Dr. John O’Connell, Abbott
For more than 50 years, left ventricular assist devices (LVADs) have helped to extend and improve heart failure patients’ lives by assisting their hearts in pumping blood. Originally, LVADs enabled physicians to save patients’ lives for short periods of time only – they were considered a temporary solution for those that needed heart transplants. Now, advances in design and functionality allow LVADs to be used long-term. With an eye toward progress, clinical and engineering communities are currently exploring where the technology is headed over the next decade.
Previous generations: Pulsatile pump to continuous flow
First introduced in the 1960s, the LVAD was initially intended to support patients pending myocardial recovery, or heart failure reversal. Although they were huge advances, early LVAD models featuring a pulsatile pump had some limitations: Battery life (an hour or two at most) and patient mobility.
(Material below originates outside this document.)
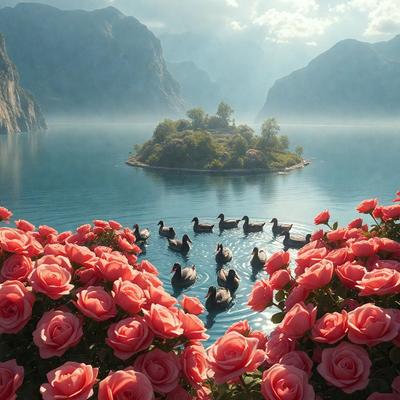 The primary subject of the image is a group of ducks swimming in a body of water, surrounded by a beautiful landscape. The setting includes a mountainous background, adding to the serene atmosphere. The visual style of the image is a combination of photo and digital art, creating a realistic yet artistic representation of the scene. The colors and mood of the image are predominantly pink, with the presence of pink flowers and the water, giving the scene a warm and inviting feel.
In fact, the device was so cumbersome that patients struggled to eat a full meal because the pump encroached on their digestive space.
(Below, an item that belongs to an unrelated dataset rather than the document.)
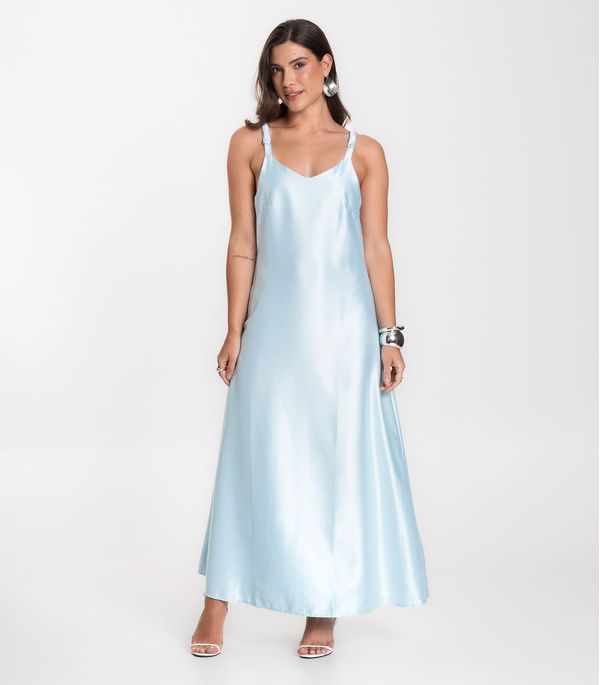 Vestido Longo Feminino De Cetim E Alcinha Select Azul G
The second-generation LVADs, which debuted in the early 2000s, were continuous axial-flow devices that improved on the pulsatile devices but posed a risk of blood clot formation and driveline infection where the LVAD motor connects to its external power source. Patients also exhibited nonphysiologic flow (minimal pulse pressure, if any); combined with the high shear forces generated, this played a role in increased GI bleeding. To combat these negative side effects, scientists and engineers worked to develop a pump that would not clot and would be more compatible with a patient’s natural bloodstream.
Today’s LVAD: Centrifugal pump
What makes this generation unique is its centrifugal pump, which spins in a circular fashion, ensuring blood does not become static to reduce the chance of clotting. The rotor is suspended magnetically to ensure it remains centered regardless of speed. Due to its large gaps, magnetic suspension is less traumatic to the blood and allows variable speeds to generate a “pulse” of 30 beats per minute. This flushes the pump out to reduce stasis and the risk of thrombosis. The latest model also extends battery life, reducing the patient burden of recharging and swapping out batteries.
Engineers are taking the next major step forward by creating a smaller pump that requires less wattage – allowing for total battery implantation and safer recharging, less-invasive implantation procedures and greater patient freedom – and that’s more compatible with a heart recovering from failure.
Looking ahead: Designing the LVADs of the future
Engineers and clinicians envision a device that’s more invisible to the patient and adaptable to the unique physiologic demands of each person. This next-generation LVAD would be fully implantable (to reduce infection risk) on both the left and right sides of the heart, with multiple feedback mechanisms to automatically regulate pump functions.
Twenty years ago, helping an advanced heart failure patient live for more than a year was considered a medical feat. Today the majority of patients live an average of two years with an LVAD as they await transplantation. Thanks to the hard work of today’s clinicians and engineers, that number will continue to improve in years to come.
Dr. John O’Connell was named VP, Medical Affairs & Medical Director, Mechanical Circulatory Support for St. Jude Medical (now Abbott) as part of the Thoratec acquisition in October 2015. Prior to joining Thoratec Corporation in October, 2013, Dr. O’Connell served as a heart failure cardiologist for 33 years.